Cryptoasset services: The Commission asks whether the list of regulated cryptoasset services under MiCA should change, including whether lending and borrowing of cryptoassets should be regulated. The Commission also asks whether MiCA allows EU consumers and investors to have sufficient access to global trading and liquidity pools.
Appropriateness: The consultation asks whether MiCA should require CASPs to consider the appropriateness of certain services for their customers, especially retail clients.
Prudential regime: The Commission asks whether the prudential regime, which requires CASPs to hold regulatory capital, is appropriate to capture the risks associated with cryptoasset services.
Reporting: Currently, MiCA does not impose formal reporting obligations on CASPs. The consultation asks whether CASPs should regularly report on, for example, their holdings of cryptoassets, their exposures to crypto derivatives and information on counterparty risk.
ESG: MiCA requires cryptoasset white papers to contain information about the environmental impact of the relevant consensus mechanisms and CASPs to make this information available. The Commission asks whether this sustainability reporting is appropriate or could be improved.
Payments: The consultation asks whether changes to the EU’s payment services framework sufficiently clarify the interplay between that regime and MiCA.
Tokenised deposits: Deposits fall outside the scope of MiCA but the Commission invites feedback on any regulatory issues which constrain the development of tokenised deposits in the EU.
Tokenisation: While MiCA is fundamentally a regulatory framework, the consultation also raises private law considerations, including around tokenisation “ownership” models and whether a conflicts of law rule could address certain proprietary matters concerning cryptoassets.

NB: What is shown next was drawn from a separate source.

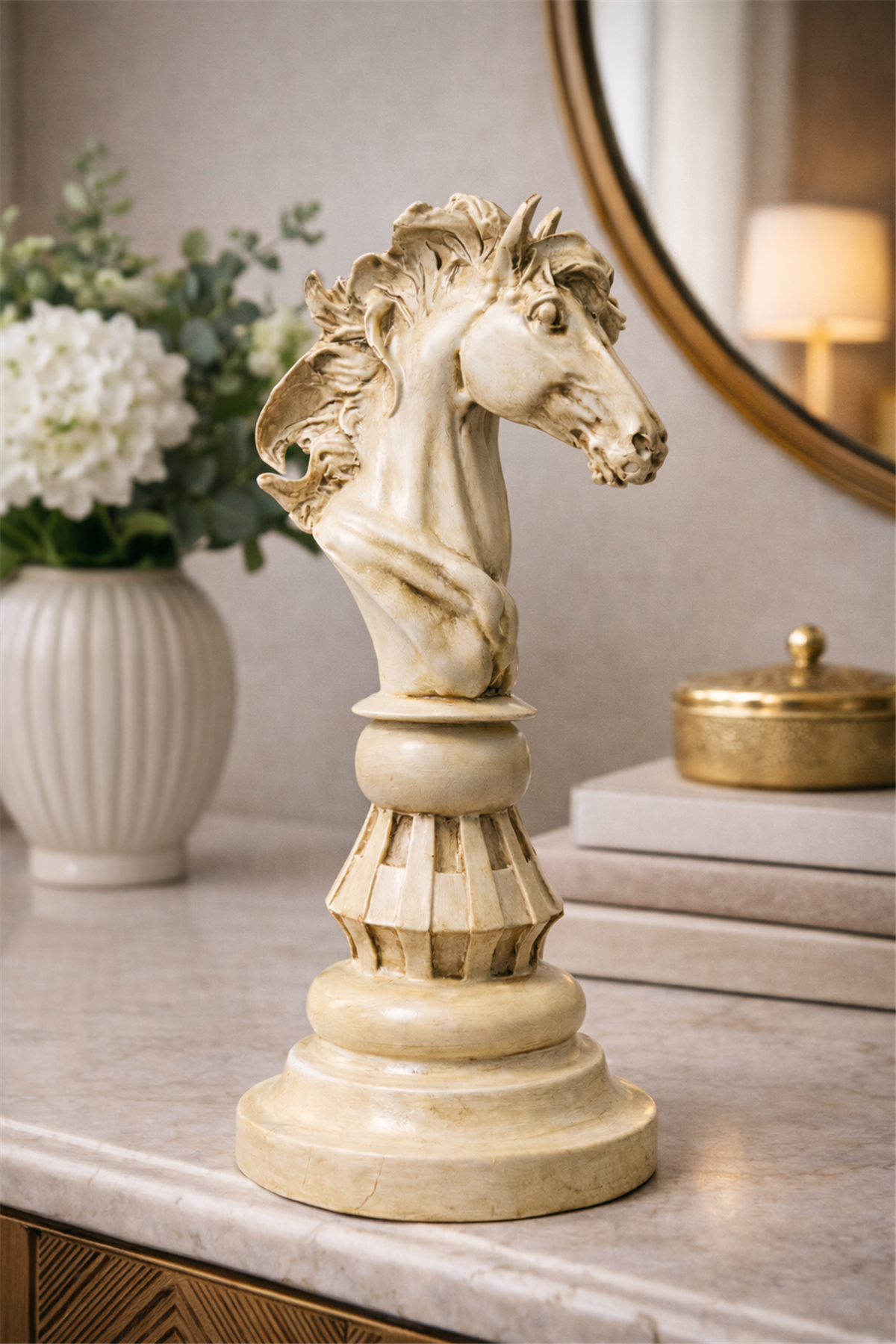 El Yapımı Dekoratif Satranç Figürü – At (Açık Ton)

DeFi: MiCA does not apply to fully decentralised cryptoasset services. The Commission does not suggest changing this approach but asks about the factors that should be considered when assessing the degree of decentralisation. The consultation also asks if MiCA should indirectly account for DeFi by, for example, requiring CASPs to conduct due diligence over DeFi protocols, make disclosures to their clients about DeFi risks, or take liability for incidents relating to DeFi applications, and whether certification schemes should be introduced for DeFi protocols and smart contracts.

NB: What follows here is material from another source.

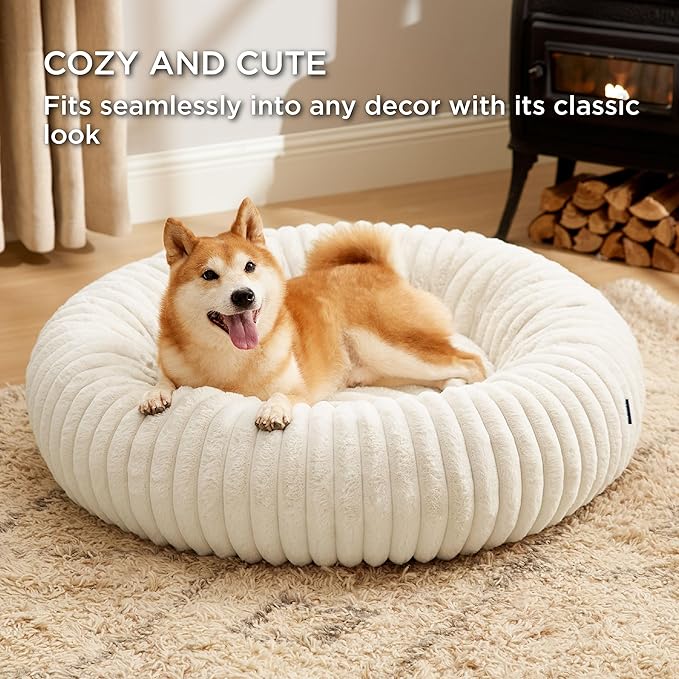 Bedsure ComfyFleece Donut Large Dog Bed - Washable Faux Fur with Corduroy Fleece & Anti Slip Bottom, Round Pet Bed with Removable Cover, Cream, 36x36x8 inches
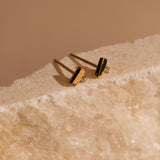 Solitaire Gold Bar Studs - 14K Gold Filled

Simplification: As part of the Commission’s simplification agenda, the consultation asks for examples of administrative simplification or burden reduction measures it could take forward.
Despite being labelled as a “targeted” consultation, the broad range of questions invites firms in the crypto and financial services industry to share their views on how MiCA should evolve across all aspects of the regime. This may include share lessons learned from other regulatory regimes that have emerged since MiCA was introduced, including the UK cryptoasset regime which will start to apply in October 2027.
Firms have just over three months to respond to the consultation which closes on 31 August 2026. Firms should particularly note the potential impact of changes to the scope of MiCA (e.g. the approach to DeFi, regulated services, and interplay with other regulatory regimes) and new rules which could have operational impacts (e.g. appropriateness tests, reporting requirements, and liability for DeFi).